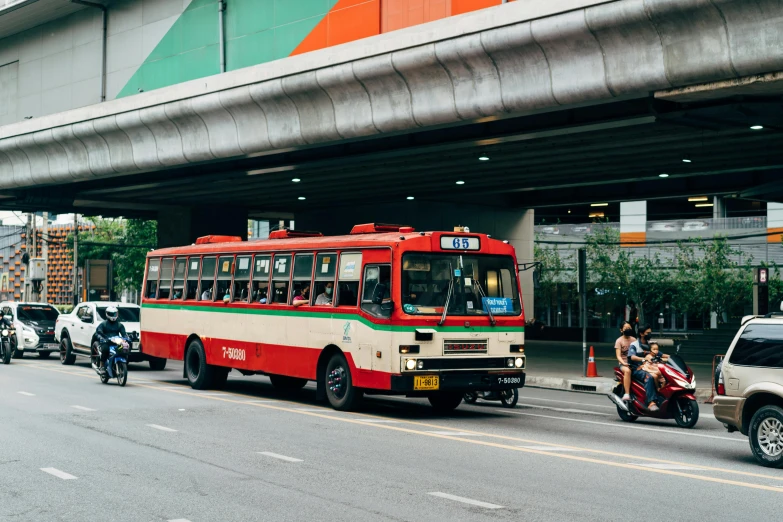 a red and white bus traveling down the street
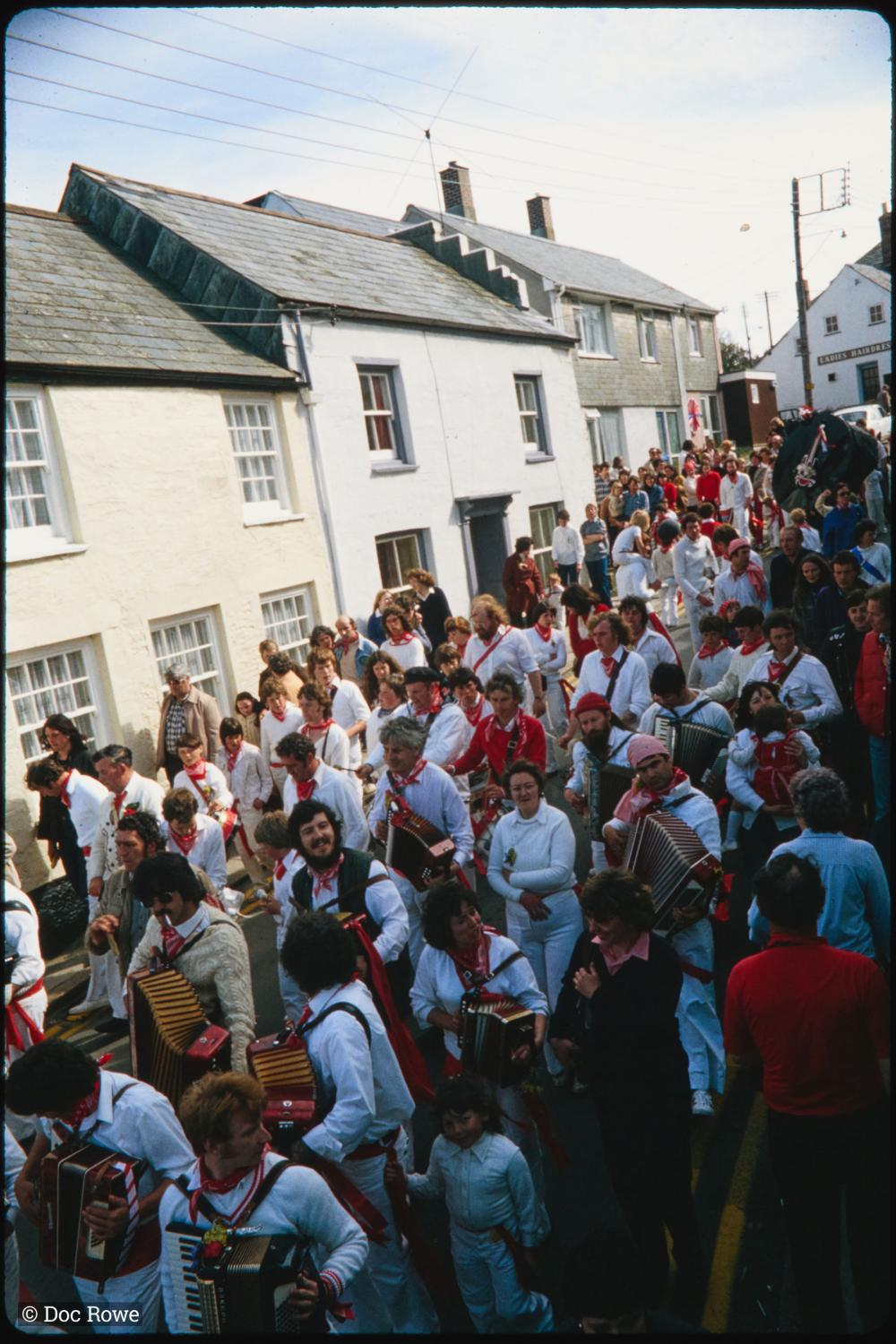 Old Oss procession walking along road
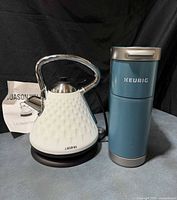 Keurig K-Mini Plus coffee maker and J Jason Wu electric kettle side by side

◆ ◆ ◆ ◆ ◆ ◆ ◆

- _PROBLEM STATEMENT_:
In your copy of the listing above, reproduce each line exactly and omit all pictures.

- _RESULT FOR THIS EXERCISE_:
 a red and white bus traveling down the street
 Old Oss procession walking along road
 Keurig K-Mini Plus coffee maker and J Jason Wu electric kettle side by side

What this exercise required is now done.